(Extracted records)

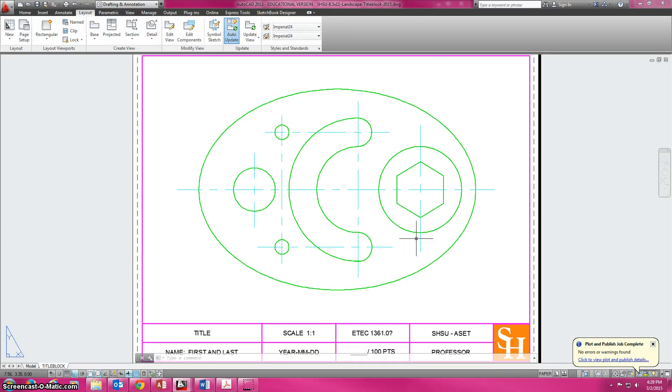We've drawn problem 4, now we want to dimension problem 4. There's a couple of ways to do this, and we need to check our dimension style before we start.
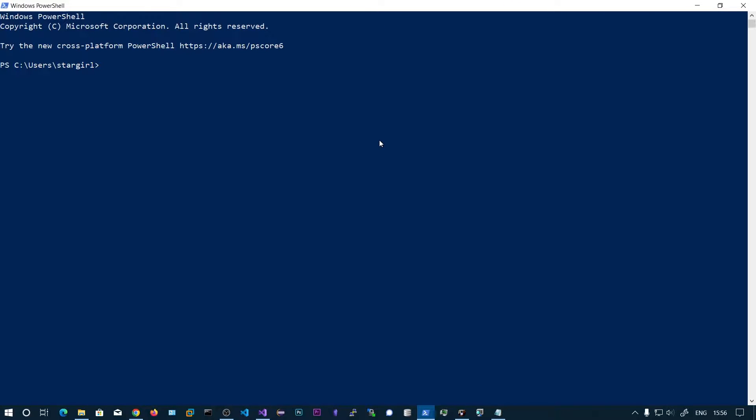In this video we will be seeing how to bypass the AMSI. AMSI stands for Anti-Malware Scan Interface.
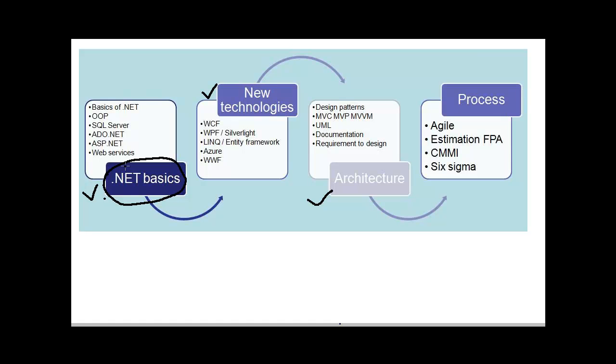This section is the most important section. You are either a fresher, project manager or experienced person. You have to answer the questions which belongs to .NET basics. There is no excuse for saying that I am a senior person so probably I will not know object-oriented programming. I am a senior person so I do not know SQL. Either a fresher or a senior, if you do not answer questions which belong to .NET basics subsection, then you are into trouble.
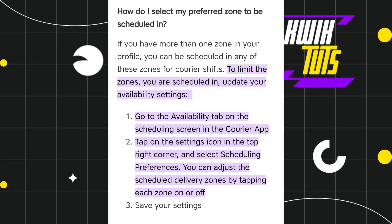This way you would be able to easily change your zone in Skip the Dishes. I hope this video was helpful, and if it was, please consider liking this video, sharing it with your friends, and subscribing to my channel. Thank you so much for watching.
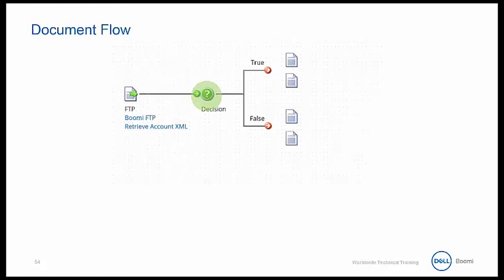The paths are not executed in parallel. Instead, they are sequential, so documents will complete the true path before any documents flow down the false path. As we work through our process, we will talk more about the document flow. This is the end of the document flow discussion as well as the document flow video.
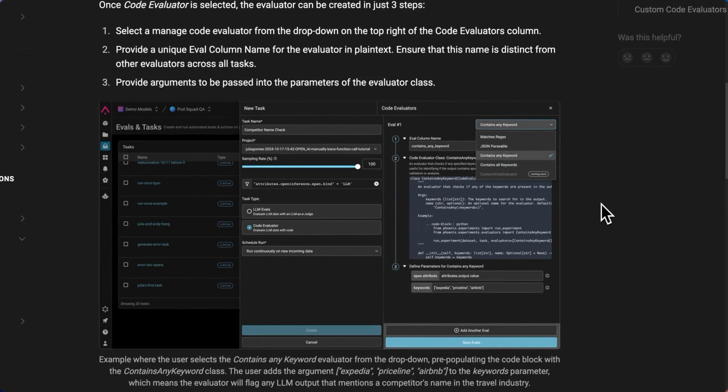And because the code evaluators are all managed in a hub by Arise, users can actually deploy the code by simply typing in the parameters in natural language, which means you don't need to be a software engineer in order to create a code evaluator in the Arise platform.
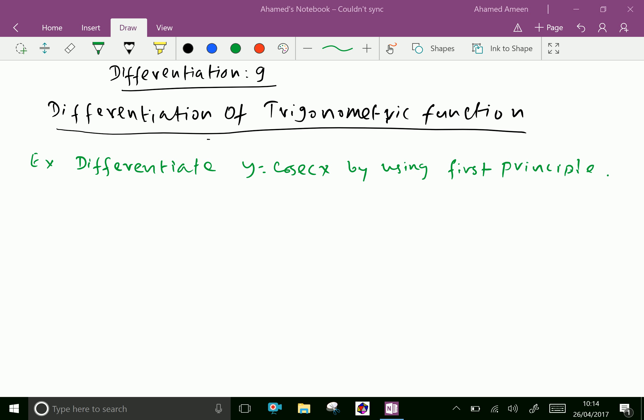Welcome to amineacademy.com. Example: differentiate y equal to cosecant x by using first principle.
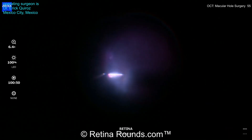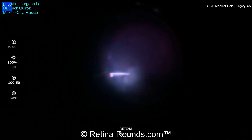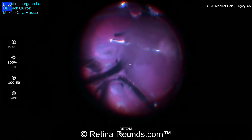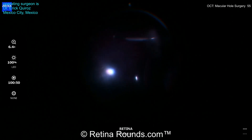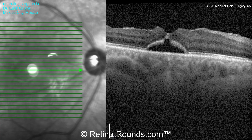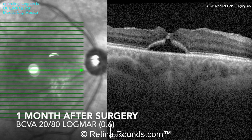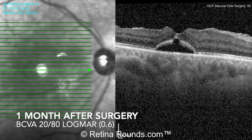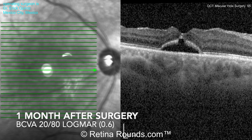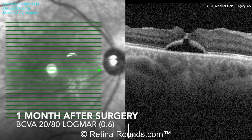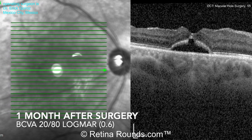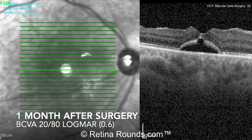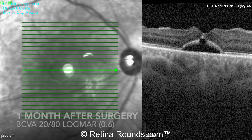An air-fluid exchange is performed, and SF6 gas at a concentration of 20% is implanted into the vitreous cavity. The patient will be kept in the face-down position postoperatively. Here's the patient's postoperative OCT at month one: visual acuity has improved to 20/80, and the macular hole is closed, although there's still some discontinuity of the outer retinal layers and a small cuff of fluid underneath the now-closed macular hole, which will hopefully improve with time.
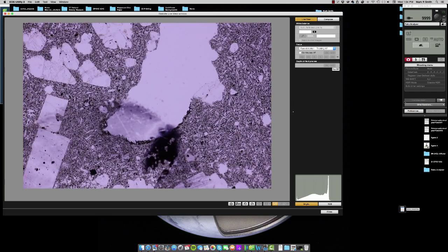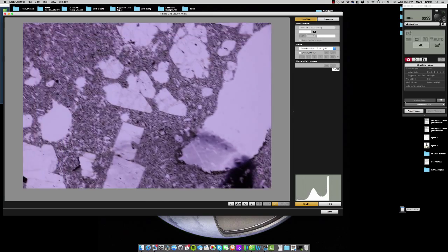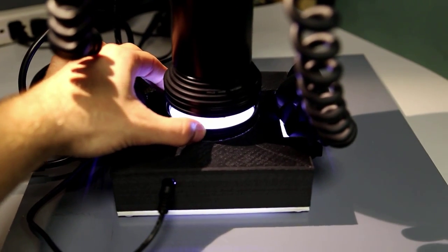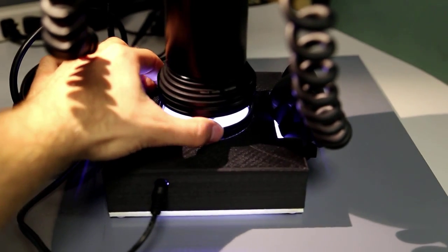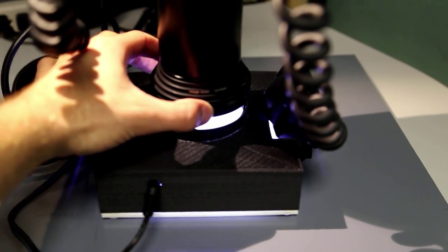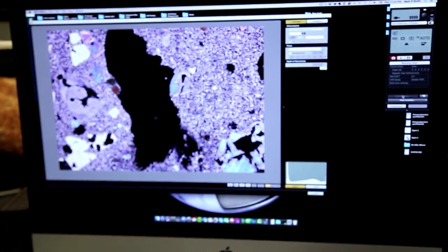So if I want to polarize the thin section, all I need to do is basically screw in this polarizer, which I can then twist 90 degrees to the other polarizer that's beneath the sample to basically reveal the subject in plain light.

*Exercise aim*: Output a precise copy of the entries, leaving the images out.

*Response*:
We've drawn problem 4, now we want to dimension problem 4. There's a couple of ways to do this, and we need to check our dimension style before we start.
In this video we will be seeing how to bypass the AMSI. AMSI stands for Anti-Malware Scan Interface.
This section is the most important section. You are either a fresher, project manager or experienced person. You have to answer the questions which belongs to .NET basics. There is no excuse for saying that I am a senior person so probably I will not know object-oriented programming. I am a senior person so I do not know SQL. Either a fresher or a senior, if you do not answer questions which belong to .NET basics subsection, then you are into trouble.
This way you would be able to easily change your zone in Skip the Dishes. I hope this video was helpful, and if it was, please consider liking this video, sharing it with your friends, and subscribing to my channel. Thank you so much for watching.
The paths are not executed in parallel. Instead, they are sequential, so documents will complete the true path before any documents flow down the false path. As we work through our process, we will talk more about the document flow. This is the end of the document flow discussion as well as the document flow video.
And because the code evaluators are all managed in a hub by Arise, users can actually deploy the code by simply typing in the parameters in natural language, which means you don't need to be a software engineer in order to create a code evaluator in the Arise platform.
Welcome to amineacademy.com. Example: differentiate y equal to cosecant x by using first principle.
An air-fluid exchange is performed, and SF6 gas at a concentration of 20% is implanted into the vitreous cavity. The patient will be kept in the face-down position postoperatively. Here's the patient's postoperative OCT at month one: visual acuity has improved to 20/80, and the macular hole is closed, although there's still some discontinuity of the outer retinal layers and a small cuff of fluid underneath the now-closed macular hole, which will hopefully improve with time.
So if I want to polarize the thin section, all I need to do is basically screw in this polarizer, which I can then twist 90 degrees to the other polarizer that's beneath the sample to basically reveal the subject in plain light.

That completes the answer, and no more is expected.